Ellicott Street is a hustling and bustling thoroughfare in downtown Buffalo. It's now the home "The Space Between."

"This was the final piece of the puzzle for the Arts Collaboratory was having an experimental arts incubator in the city that could bring people together," Bronwyn Keenan, director for the UB Arts Collaboratory, said. 

The location at 431 Ellicott, has a significant meaning. Keenan, explains why. 

"We are located between the East and West Sides," Keenan said. "Both Aaron and I, our objective is to breakdown that line, eliminate that red line."  

She's referring to Aaron Bartley. He's the owner of Fitz Books. A co-creator of PUSH Buffalo, Bartley has a deep understanding of social and economic issues in Buffalo. His new mission is to educate the Queen City through literature. And The Collaboratory's effort to desegregate Buffalo's artistic community is the perfect fit. 

"Books and art go together when it comes to building conversations around big issues," Bartley said. 

On display right now is Victoria-Idongesit Udondian's piece. Currently, she's a UB Center for Diversity Innovation Distinguished Visiting Scholar. She's from Nigeria and started her project The Republic of Unknown Territory while going through the Naturalization process. 

"The bureaucratic process of that was very frustrating, one of the ways of dealing with that was channeling it into an artistic project," Udondian explained.  

The piece is a work in progress, with it's final display space in NYC next year. During her time in Buffalo, Udondian has been casting hands of immigrants and first generation Americans, while documenting their stories. 

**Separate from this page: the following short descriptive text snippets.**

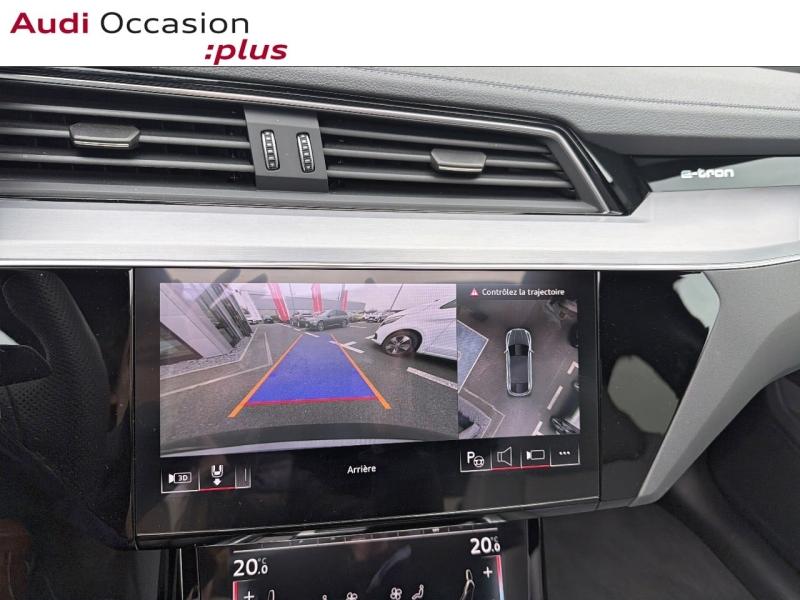 Voitures occasions Audi Q8 e-tron Sportback S Line Rivery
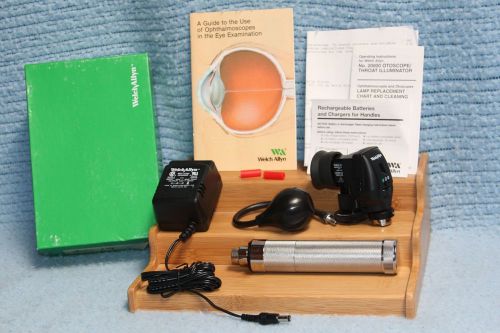 WELCH ALLYN 14680 Telemed Video Ophthalmoscope  Opthalmoscope .....inv #sc19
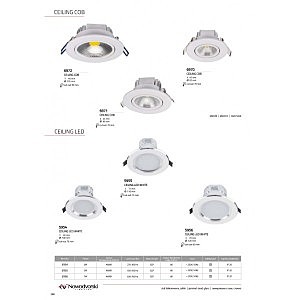 Встраиваемый светильник Nowodvorski Ceiling Led 5956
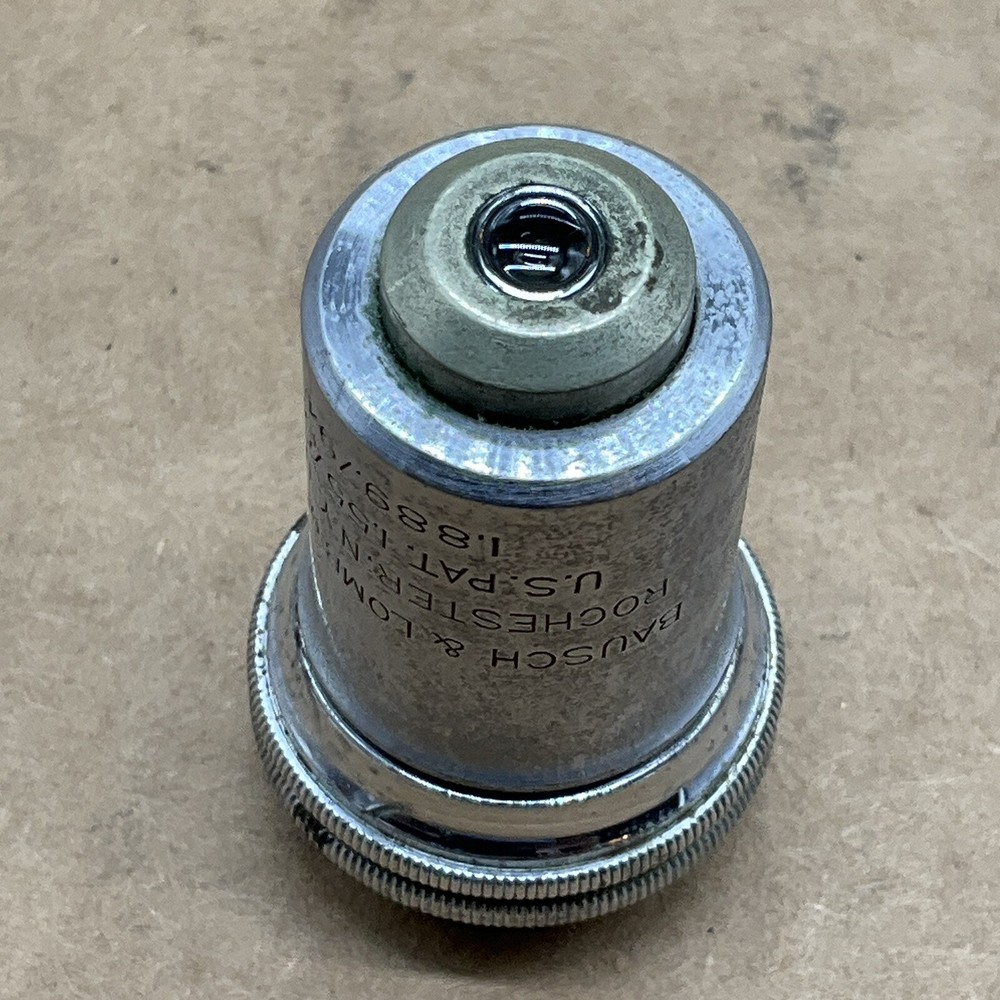 Bausch Lomb 43X 4mm 0.65 Objective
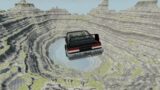 Cars vs Leap of Death – BeaMG drive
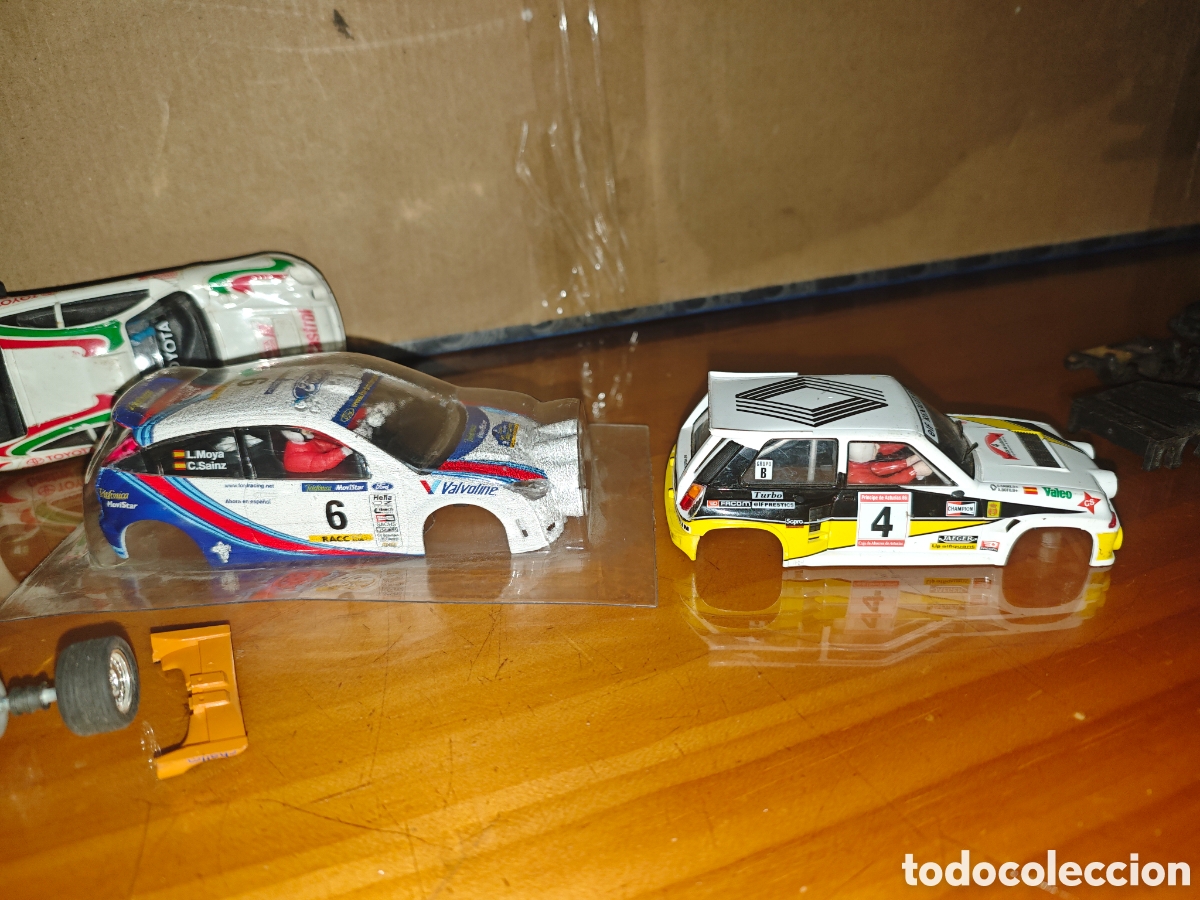 Scalextric: Lote de Piezas y carcasas Scalextric. - Foto 7
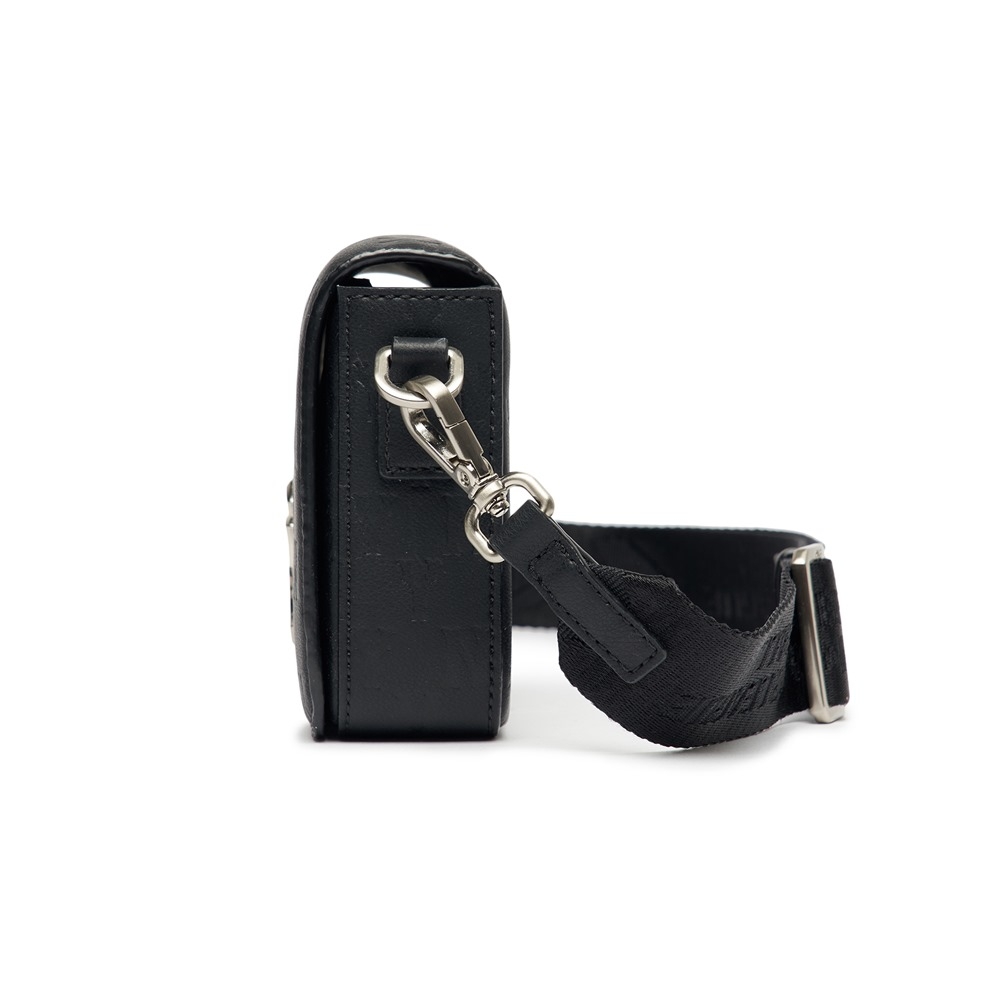 Túi MLB Mini Monogram Embo Crossbody New York Yankees Black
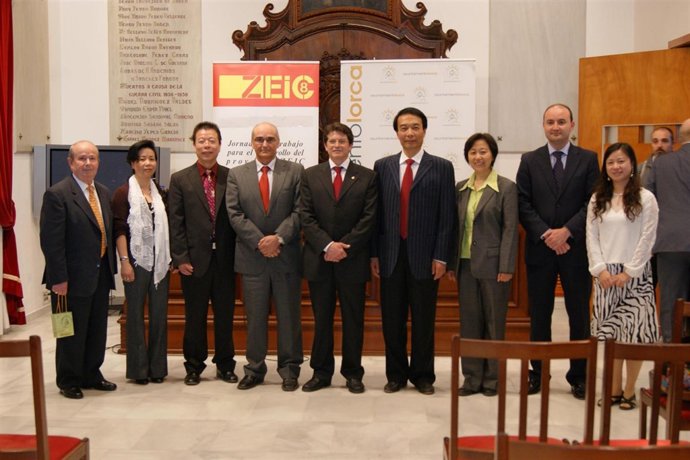 Representantes De Instituciones Chinas Visitan Lorca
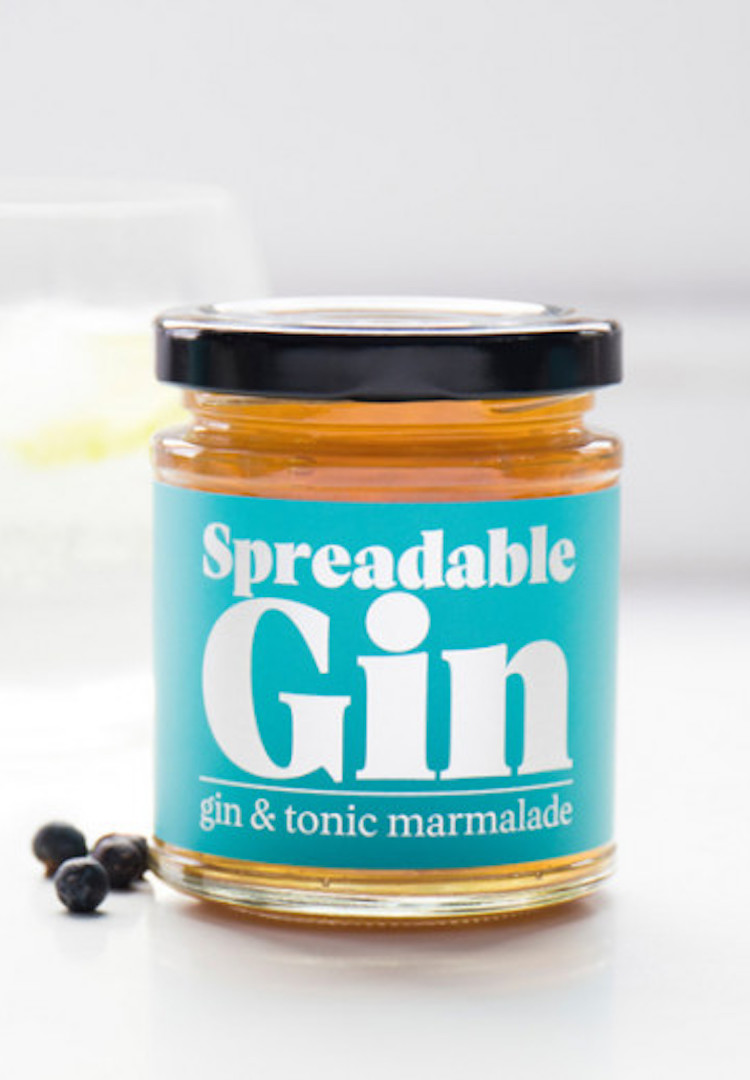 Spreadable gin and tonic is here to make breakfast boozy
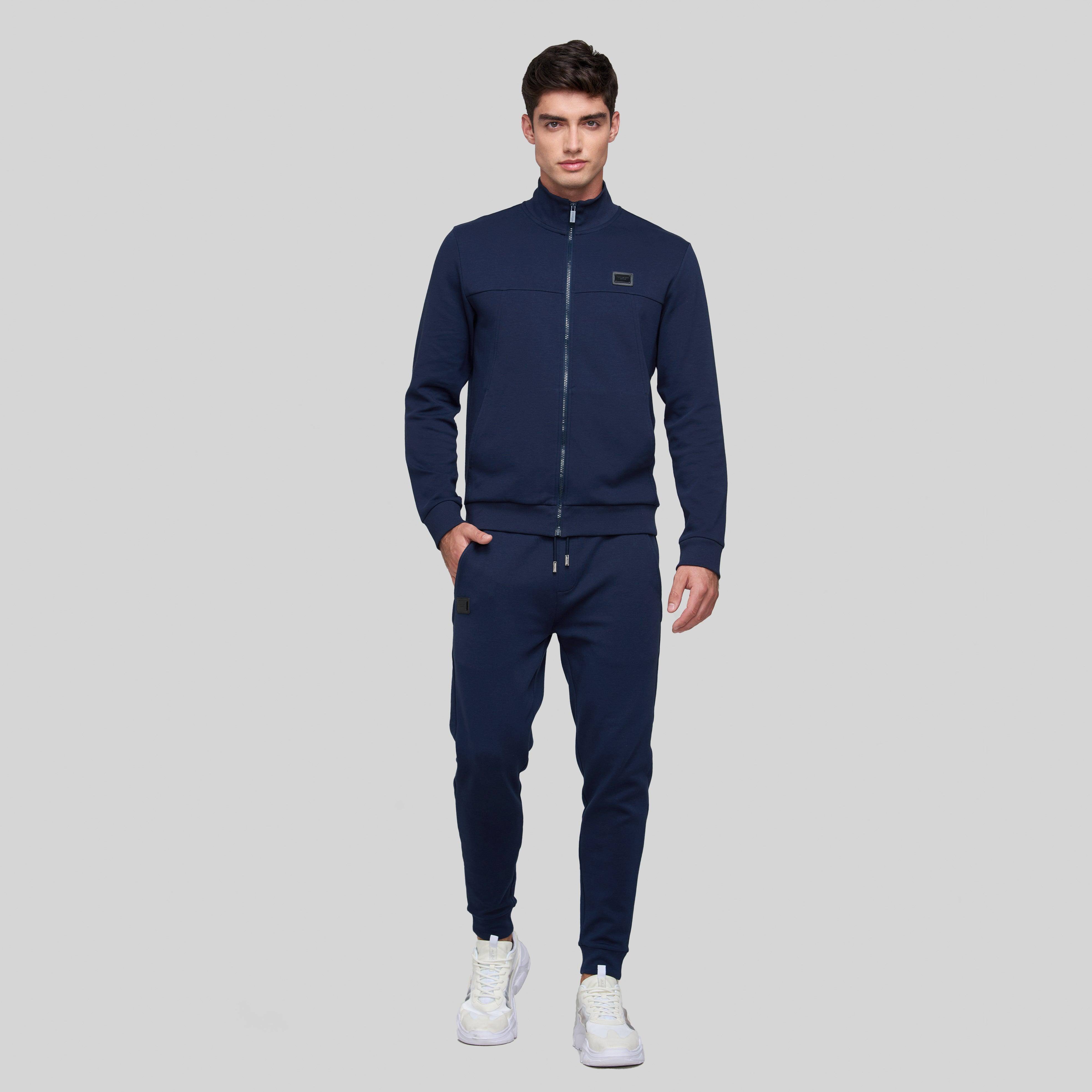 CIRCINUS NAVY BLUE SPORT JACKET - Monastery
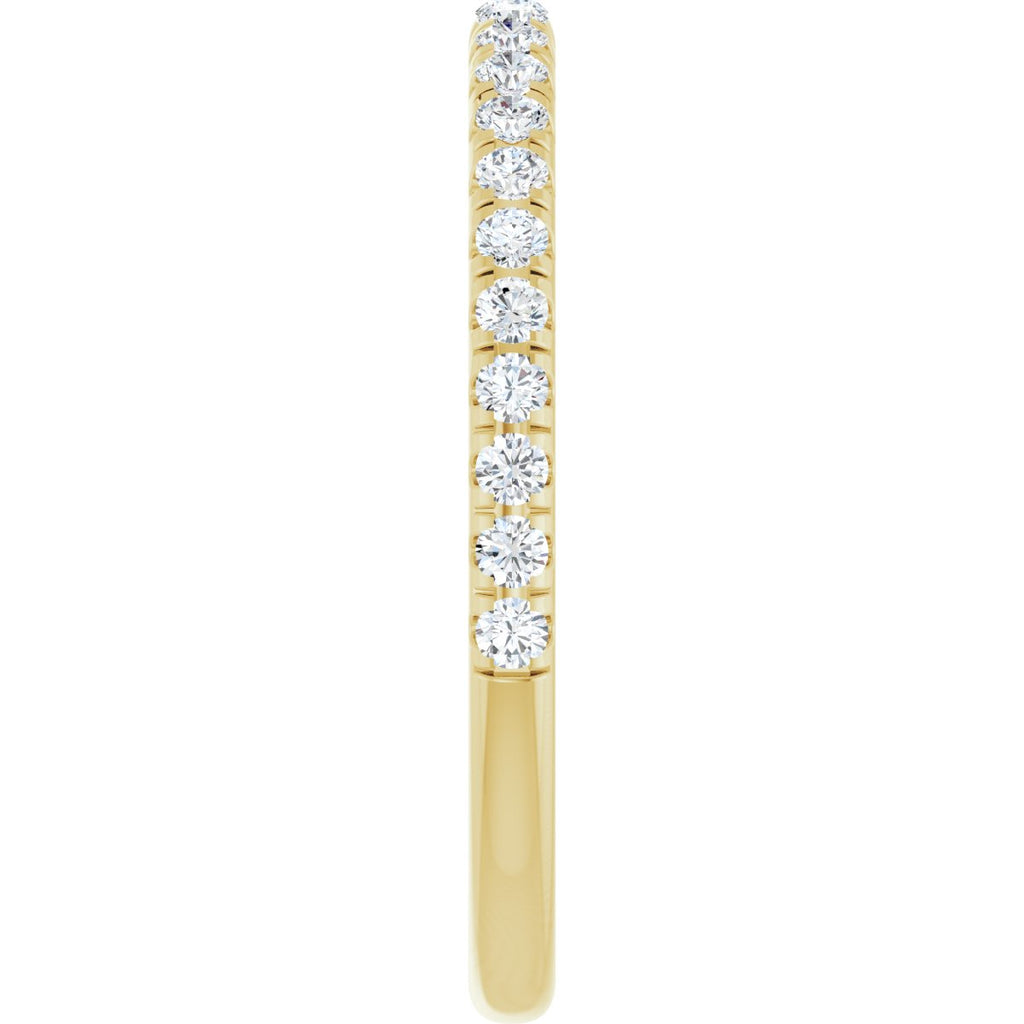 Accented Engagement Ring or Band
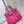 HM Kelly 25cm Rose Mexico Togo Leather Gold Hardware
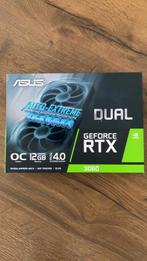 *SEALED* Gloednieuwe ASUS Dual RTX 3060 12GB videokaart, PCI-Express 4, Nieuw, Ophalen of Verzenden, Nvidia
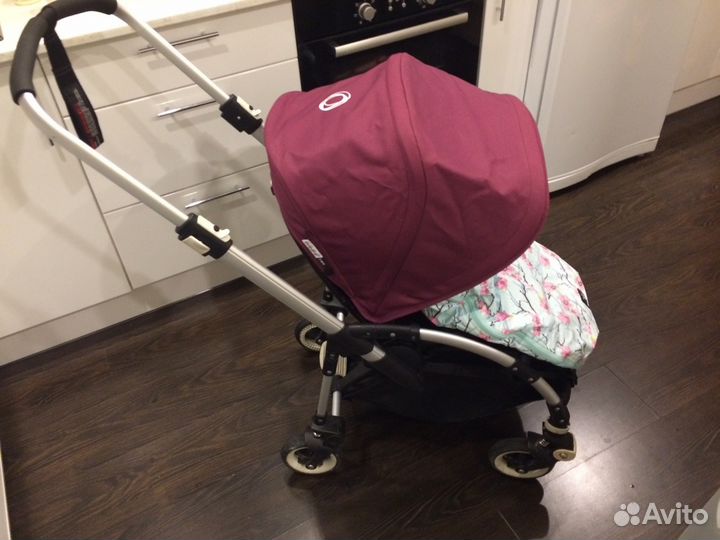 Bugaboo bee + аксессуары для bee
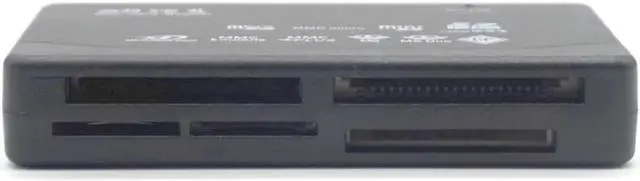 Alt view image 2 of 7 - All In One Memory Card Reader USB External Card Reader SD SDHC Mini Micro M2 MMC XD CF Reader For MP3 Digital Camera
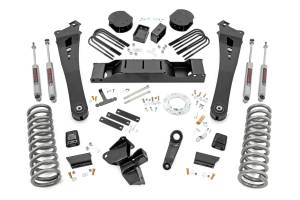 Rough Country 5 Inch Lift Kit - DRW - OE Rear Air - Ram 3500 4WD (2020-2023) - 30930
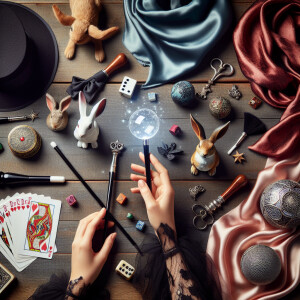 Show I her magic and what she gives to i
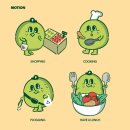 브랜딩팜 | 캐릭터 디자인 사례 4가지 :: 오프라인 적용까지 이어지는 브랜딩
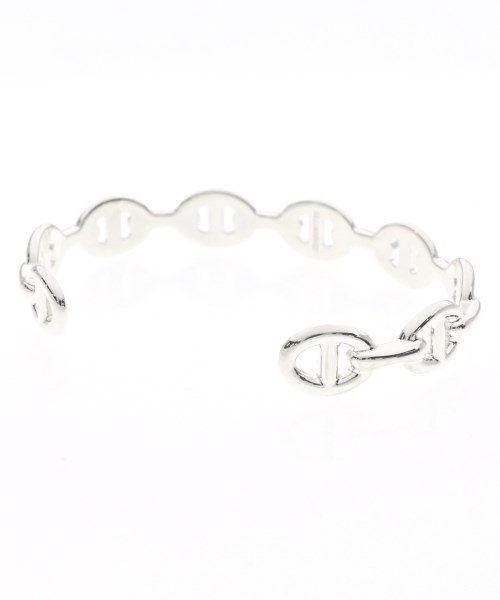 HERMES（エルメス）ブレスレット・バングル シルバー サイズ:LG レディース/2200582569027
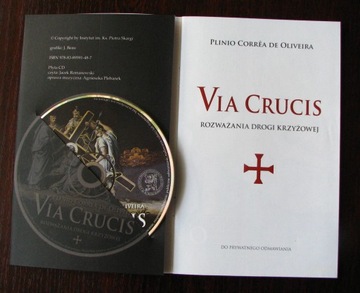 Rozważania Drogi Krzyżowej Via Crucis wraz z CD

"There’s a lot of absence in the space even with the install I have behind me. But, that absence also resembles the people who never make it through the journey," Udondian said. 

It's starting a conversation and raising awareness that dates back well beyond the walls of this early 1900's building. The hope is that will make a better future for all of Buffalo and beyond. 

"We're showing process and we are inviting the audience in to engage with the artist and creative people, and the impact of those conversations, that diolgue is so important not only for the audience, but also the artist," Keenan said.